しかし、この時以降風雲急を告げ、幕府体制も危機に瀕していた。先祖書きにはこの間の状況は一切触れられていない。そして6年後の慶応4年(1868年)になるのだ。1月3日には戊辰戦争が始まり、10日には慶喜追討令、更に、2月には慶喜は上野寛永寺に蟄居、4月11日に江戸城入場という事態になっていった。
そのような中で、慶應4年(1868年)4月6日、矩縄は、官軍が陣を敷いている中を通って家来に知行所まで行かせる。知行所は、駿河国渡部郡にあり、その3ヶ村(柚木村)が知行地だった。地元の農民達は既に幕府が覆ったことを知っているはずで、それを矩縄は「当今の形勢は、小前(小百姓)末々の者まで兎角人心穏やかならず、かれこれ動揺仕り候に付き、取り鎮めの為、家来を差し遣わさせた処、東海道藤沢駅において、参謀方から尋問があり、知行所に参り、取り鎮めると申したが、先鋒の総督からのお達しがあり、家来は引き返してきた」と述べている。
ここから急転直下、矩縄は「朝命遵奉」を標榜し、急ぎ知行所に取り締りの為出立したいこと、また幕府への御奉公御免願いを申し出たところ、8日、御奉公御免、小普請入りを命じられ、思う通り知行所に行って良いと若年寄平岡丹波守から告げられる。それを受け、11日、江戸裏六番町屋敷を出立、知行所に着いた。知行所での話し合いは纏まらず、それを解決するため京都に向かう。閏4月13日、京都に到着。

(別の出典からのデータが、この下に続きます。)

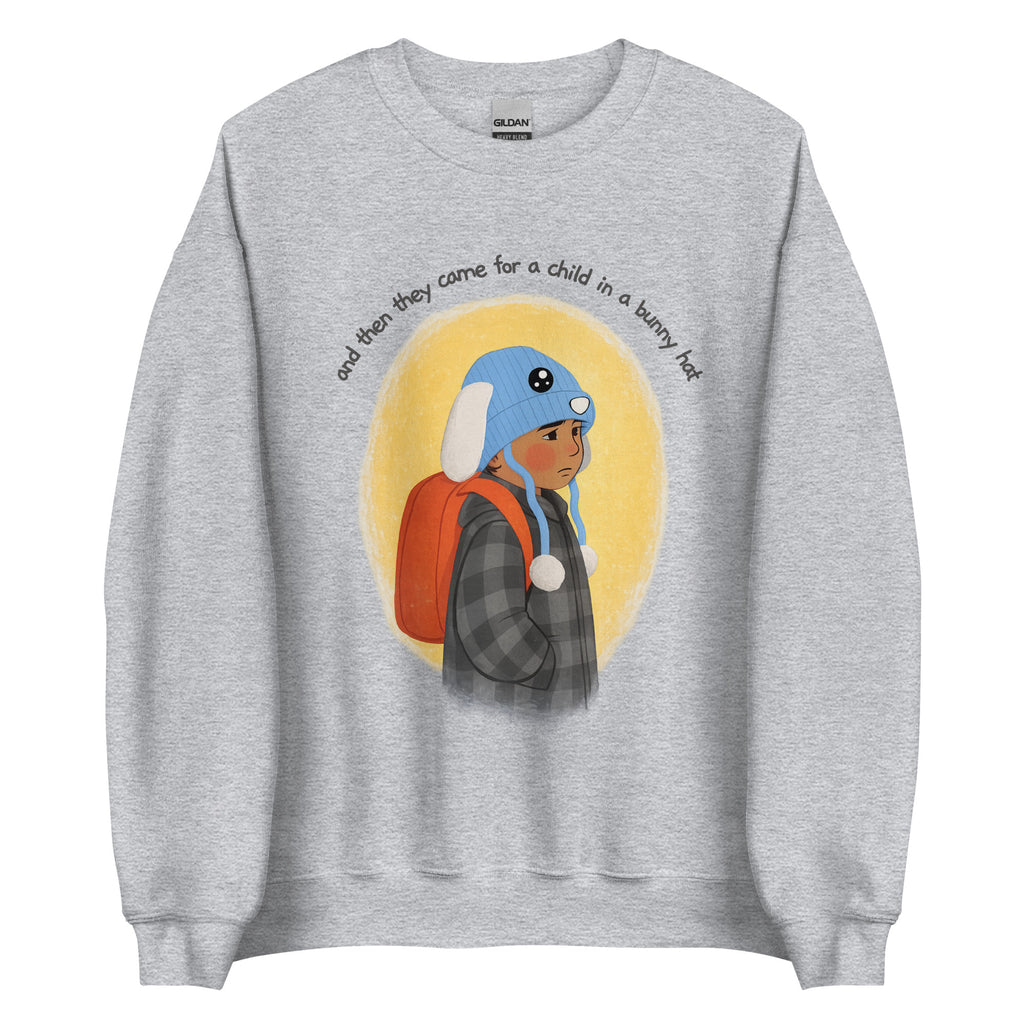Fuck ICE, Bunny Hat Child Sweatshirt, Cozy Protest Crewneck, Warm Winter Pullover, Anti ICE Human Rights Sweatshirt  Short Description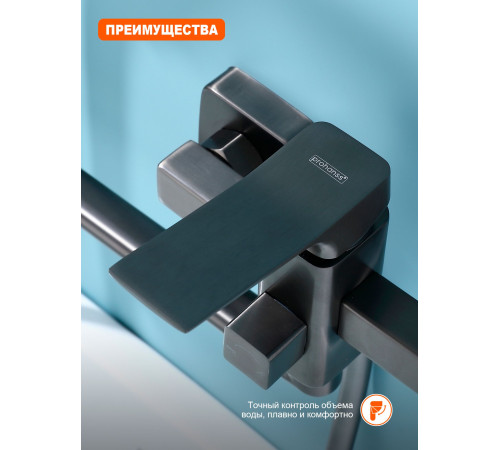Смеситель для ванны Prohanss P62.22.09, графит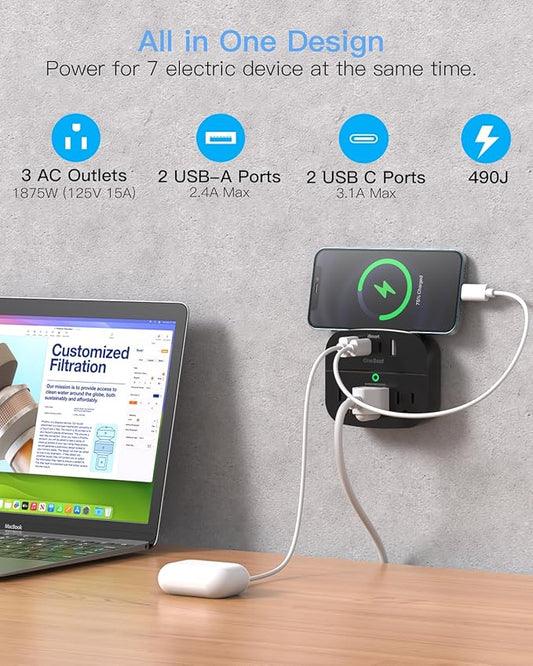 2 Pack Multi Plug Outlet Splitter with USB, Surge Protector Outlet Extender with 3 Wall Outlets 4 USB Wall Charger(2 USB C), 490 Joules, ETL Listed, Small Outlet Adapter Plug Extender for Travel,Black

翌14日、太政官へ到着の旨届け出る。5月15日、巳の刻(午前10時)参朝する。太政官では、「知行所本領安堵はこれまでの通り」と告げられ、「今後分限相応に忠勤励むよう」とも言われ、御印章(和宮の用人として黒印を所持していたか?)を勘ヶ由小路権右中弁、五辻弾正大弼にお渡しした。16日、禁中並びに大宮御所においても、本領は安堵すると仰せられたので、御礼申し上げる。
同月晦日、上士と呼称するよう仰せられ、6月27日、御達しがあり、参朝したところ、この春に上京した際、知行所取締りに行く等、不行き届きな行動があった、その不届きがなければ奥羽越後に出張させるはずであったがそれを差し止め、軍費として、高千石に付き、金2百両を当月を期限として貢献するよう申し渡される。そのため江戸に戻るが良いと言われ、更に御用がある場合は、沙汰をするから上京するようにと辨官事大原左馬頭から御書面をもって言い渡される。京都での工面は3ヶ月近くに及んだのに全く徒労に終わったのだ。

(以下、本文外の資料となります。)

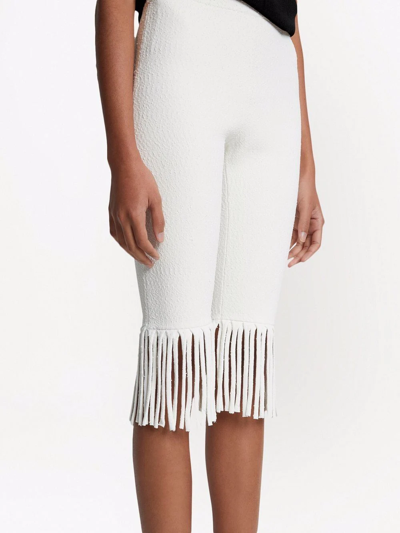 Shop Proenza Schouler Textured Fringed Biker Shorts In Ivory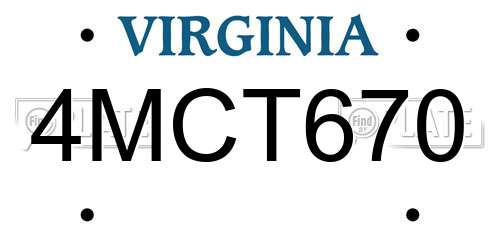 4MCT670 Virginia License Plate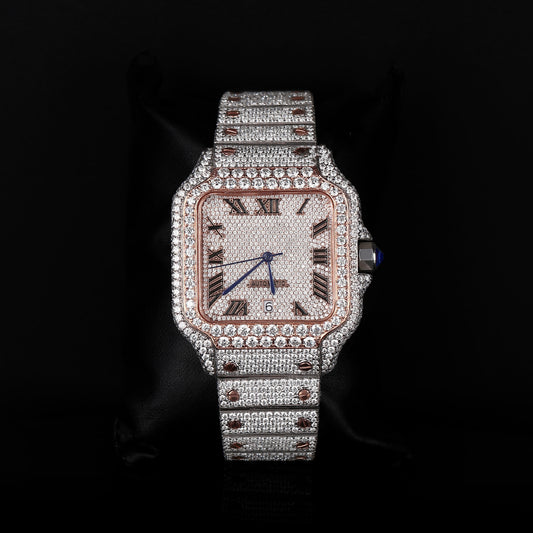 white and rose tone iced out watch with roman numeral dial and premium shine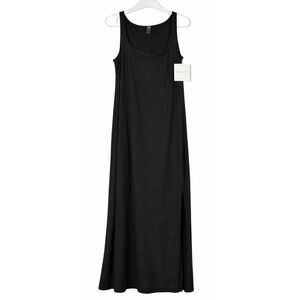 Beyond yoga womens large featherlight split hem midi dress black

ここで矩縄に書面で指示をした大原左馬頭重徳(しげとみ)について述べておこう、大原左馬頭は、幕末・維新の際、公武合体、反幕派の公家(くげ)で、安政5年、日米修好通商条約の勅許に反対したり、文久2年、徳川慶喜、松平慶永登用を内容とする勅書を幕府に命ずる勅使に任ぜられ、久光とともに江戸に赴き対幕府折衝を成功に導いた。しかし、薩長対立を避けるため勅書を改文した。同年12月国事御用掛に任命され、朝廷の中枢に登ったが、翌年、勅書改文の罪により辞官、落飾した。元治元年赦免。翌年12月、王政復古によって誕生した政権に参与として加わり、笠松裁判所総督、刑法官知事、議定、上局議長、集議院長官を歴任した。廷臣出身の代表的な政治家である。
矩縄は、直ぐに江戸に戻り、慶応4年7月、会計官出納司へ大原左馬頭から指示された軍費金百両を収めている。同じ7月、再び知行所に出立する。知行所へ出向いた目的、成果についても記されていない。しかし、軍費を納めた直後であり、その調達を目的とした者ではないかと想像する。しかし、これは恐らく無理なことであったと思う。
次いで10月には、先般新政府への忠勤精励を申し渡されことから、陸軍局に向かい、兵学校入学を志願し、辨事御役所へ願い出て、東京の鎮将府へ出向き、去る6月京都に参上し、西京(京都)軍務官へ届け差出したことを話した結果、10月24日、軍務官兵学校の入学が認められた。
ここで、一連の用語を解説する。太政官(だじょうかん)とは、日本の明治維新政府に設けられた官庁名。1868年6月11日(慶応4年/明治元年旧暦閏4月21日)に公布された政体書(慶応4年太政官達第331号)に基づいて置かれた。太政官とは、議政官以下7官の総称。翌1869年(明治2年)の官制改革で、民部省以下6省を管轄することとなった。後に、長官として太政大臣(だじょうだいじん)が置かれた。1885年(明治18年)、内閣制度が発足したことに伴い廃止された。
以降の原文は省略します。